_DATASET SECTION:_
------------------------------------------------------------
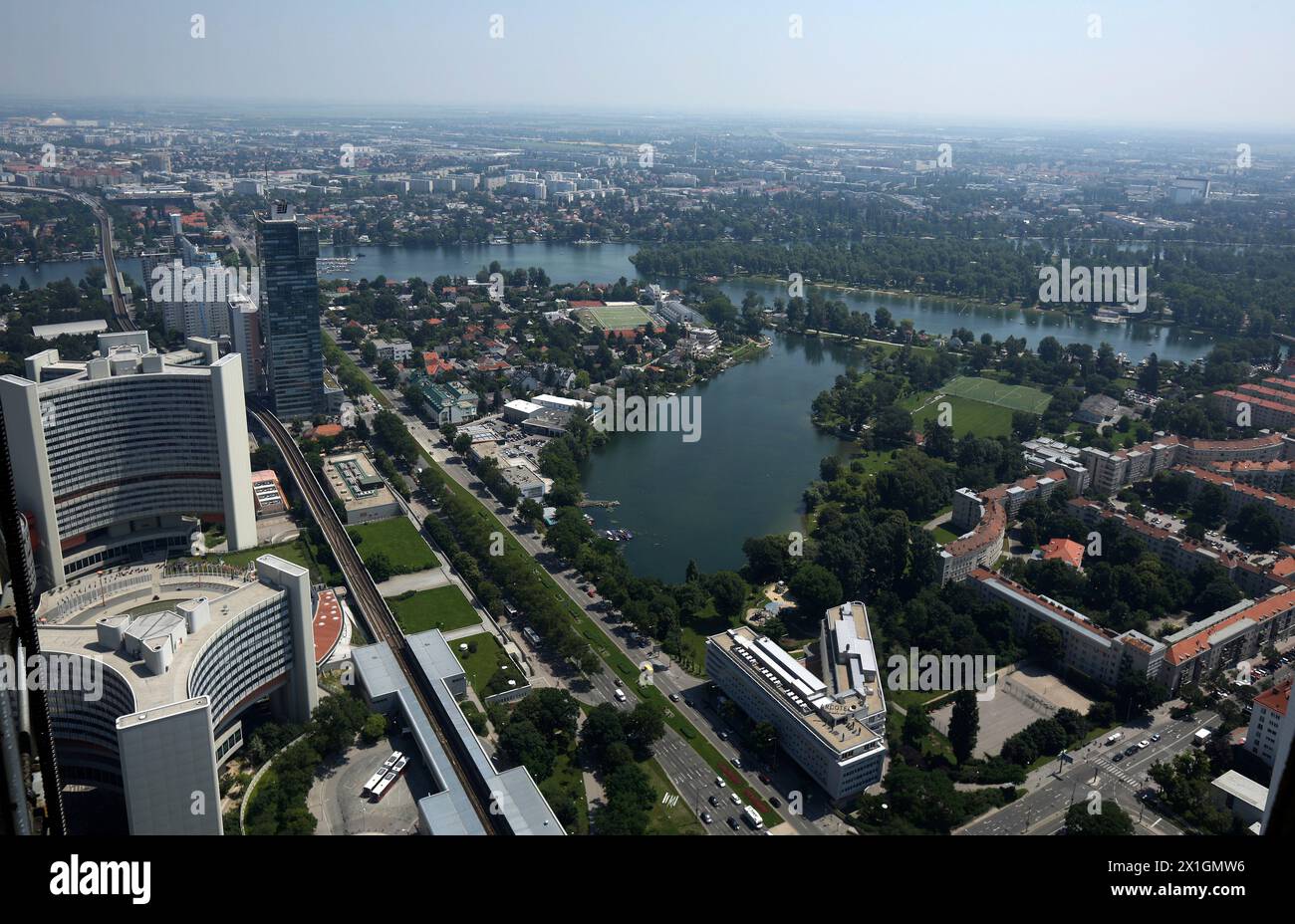Vista dalla Torre DC di Vienna il 18 giugno 2013. La torre alta 250 metri sarà l'edificio più alto dell'Austria. - 20130618 PD1082 - Rechteinfo: Diritti gestiti (RM) Foto Stock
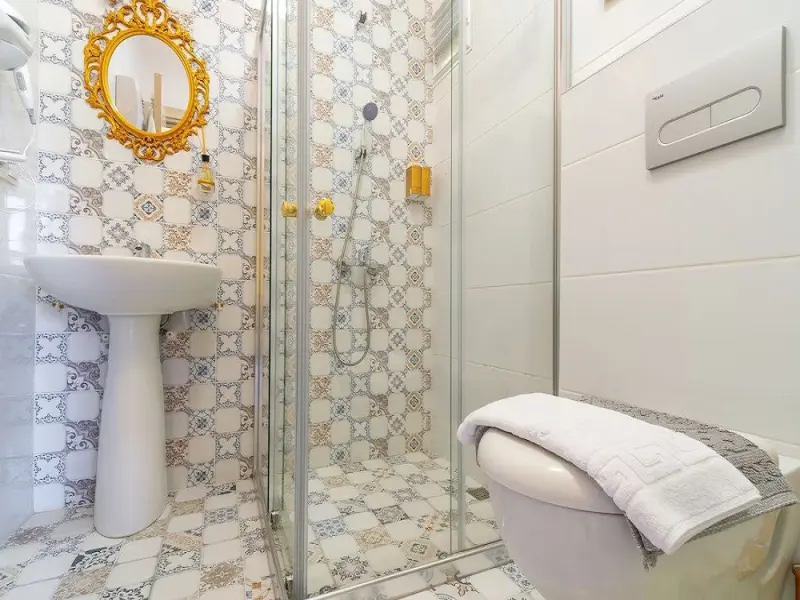 Lamur Otel 4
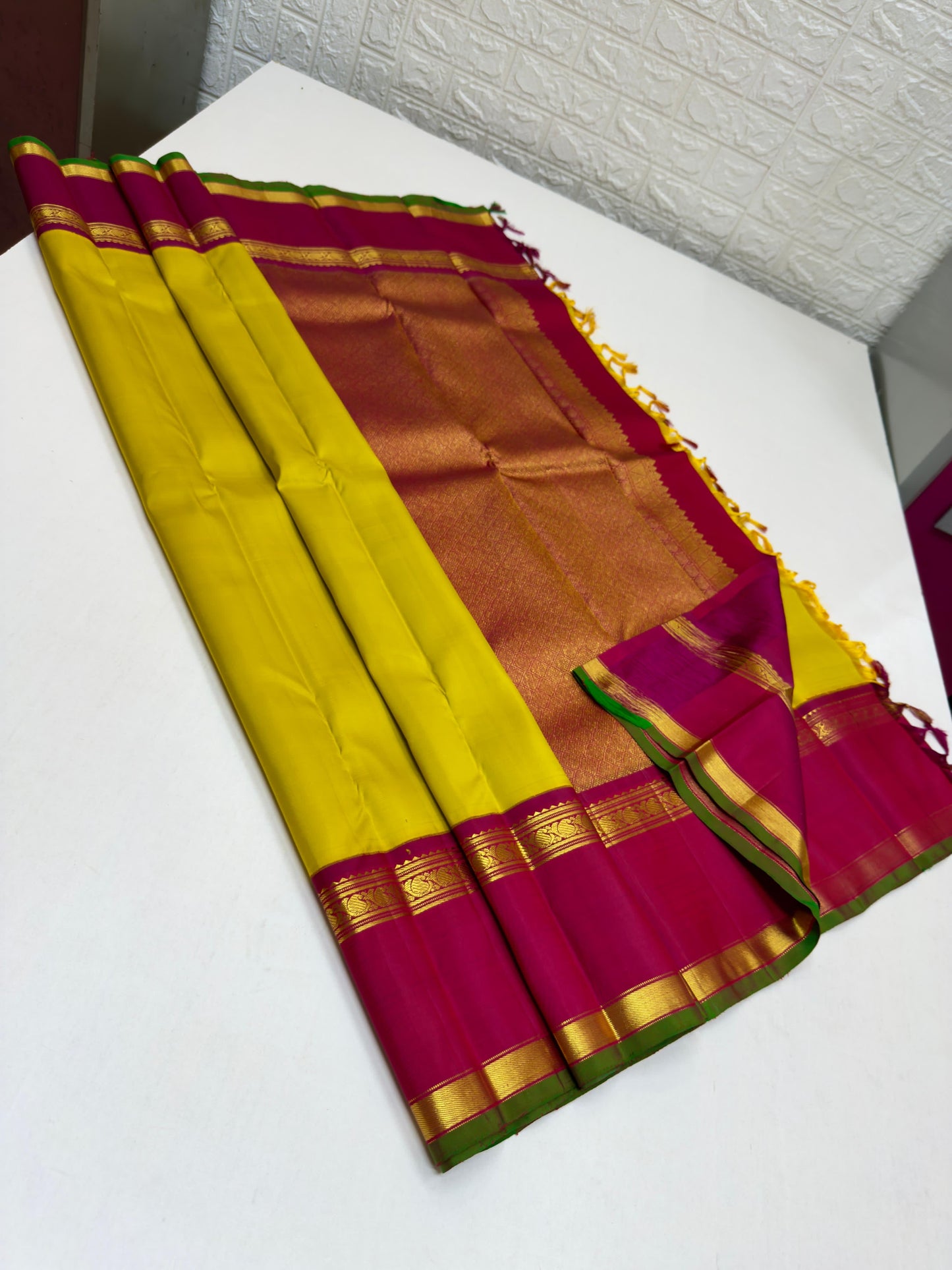 Chaamanthi – Pure Silk Kanchipuram in Sampanga, Turmeric Yellow with Magenta-Red Shot Borders, Manthulir Selvedge & Traditional Zari Detailing.
An ode to timeless tradition, reimagined in an auspicious , luminous palette.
------------------------------------------------------------
_PROBLEM REQUIREMENTS:_ Reproduce the data word for word, excluding its pictures.

_TASK SOLUTION:_
Vista dalla Torre DC di Vienna il 18 giugno 2013. La torre alta 250 metri sarà l'edificio più alto dell'Austria. - 20130618 PD1082 - Rechteinfo: Diritti gestiti (RM) Foto Stock
 Lamur Otel 4
 Chaamanthi – Pure Silk Kanchipuram in Sampanga, Turmeric Yellow with Magenta-Red Shot Borders, Manthulir Selvedge & Traditional Zari Detailing.
An ode to timeless tradition, reimagined in an auspicious , luminous palette.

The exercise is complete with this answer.